Why it is important that our organization address this challenge, and why now?
The ZERO1 Garage represents a new operational model reflective of our commitment to collaborate with Silicon Valley industry and cultural partners. We achieved solid milestones of success in the Biennial and opening of the Garage. We must address the challenge of public/private investment in ZERO1 going forward, otherwise the organization will fail. Part of that evolution requires development of a funding bridge until the new model is fully realized. We are seeking feedback on the return on investment value as it relates to the innovation and the incubation platform of the ZERO1 Garage, and are hopeful that crowdsourcing will provide us a diversity of external insights from thought leadership, enabling us to further hone messaging and evolve the model.
What are the foundational assumptions that have reliably predicted success in the past that we are now questioning?
ZERO1 has evolved from largely an event-based producing organization to one that conducts programming on a year round basis; the transition also involves reframing the ZERO1 Biennial as a revenue generator to support operations. With the launch of the ZERO1 Garage, the business model also evolved as part of the organization’s growth. We assumed it would take approximately 6 months to build a corporate membership base to fund general operations; however, corporations were more inclined towards customized memberships with varying layers of engagement in ZERO1 programs. While we were aware of this from the onset, developing partnerships (that are unique, yet adhere to standardized structure and benefits) is now a more complicated undertaking.
What is the evidence that is causing us to question our assumptions?
Although the ZERO1 Garage has been operational for 6 months, building of the corporate membership base has taken a longer cultivation process than expected, causing us to question the messaging of the value proposition and its relevance to corporations.
The ZERO1 Garage is both a platform for exhibition and incubation of new creative strategies informing innovation challenges co-defined by ZERO1 and the partner. The question is: how do we best articulate the relationship between public and private sector collaboration within this framework? It is essential for us to articulate what the value add is, and clarify the contribution back to the partner’s business model.
What are the bold new directions we are imagining for our organization?
ZERO1 is envisioned as a portal to Silicon Valley’s creativity for both the public and private sectors. We are envisioning a portfolio comprising of free and admission-based year round programming that engages both including the Biennial, year-round exhibitions, artists talk series, workshops, symposia, and access to the ZERO1 Fellowship program.

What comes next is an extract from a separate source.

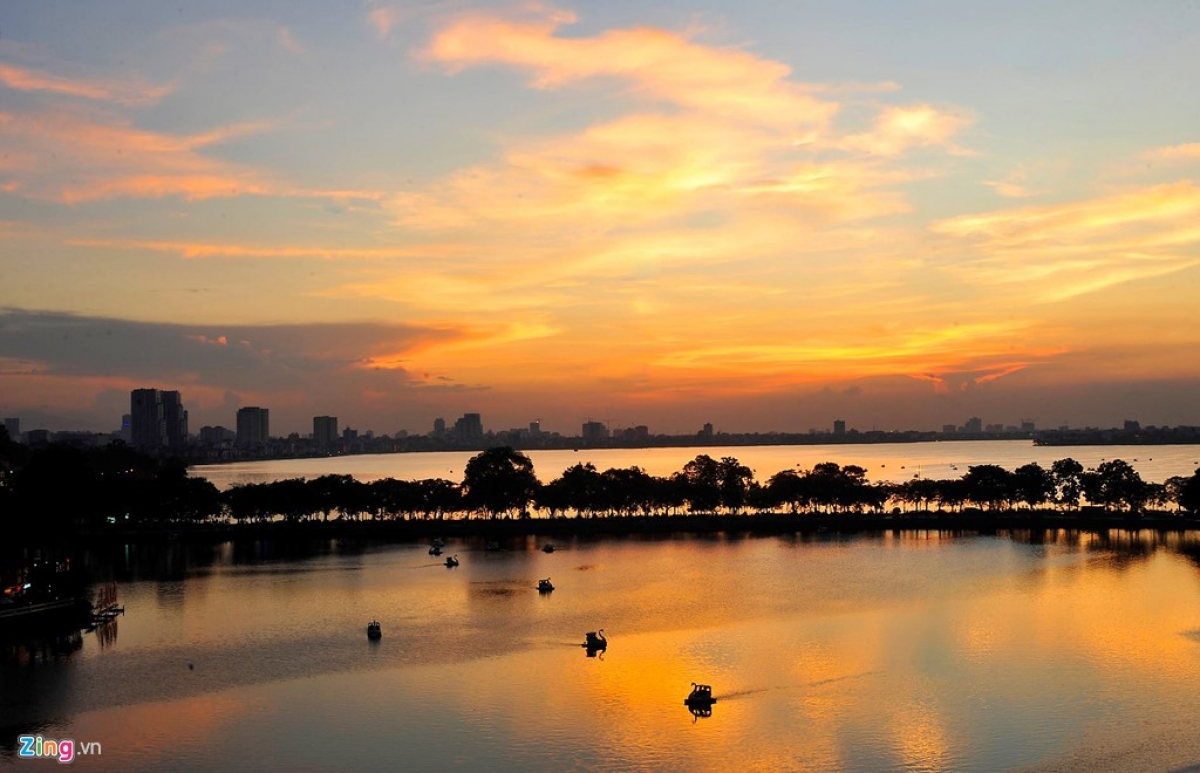 Đường Thanh Niên, Hồ Tây Hà Nội đón bình minh (ảnh st)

This would serve to establish a sustainable revenue path for the organization that is supported by admission revenue and ROI provided to corporate partners in terms of innovation impact.
Our vision of success
Success for ZERO1 includes a robust network of corporate members achieving a membership consortium of strategic alliances through which we can leverage investment, expertise and assets; establish a sustainable revenue stream; and build a healthy cash reserve.
ZERO1 is striving to be:
- a new model for the arts that utilizes private/ public collaborations; and
- a creative place making agent by being an anchor institution in downtown San Jose’s SoFA District.
We propose to invigorate the cultural scene in Silicon Valley, enhance efforts in furthering San Jose as a vibrant community and destination; and develop social practice/public art projects that attract new cultural patrons and external investments.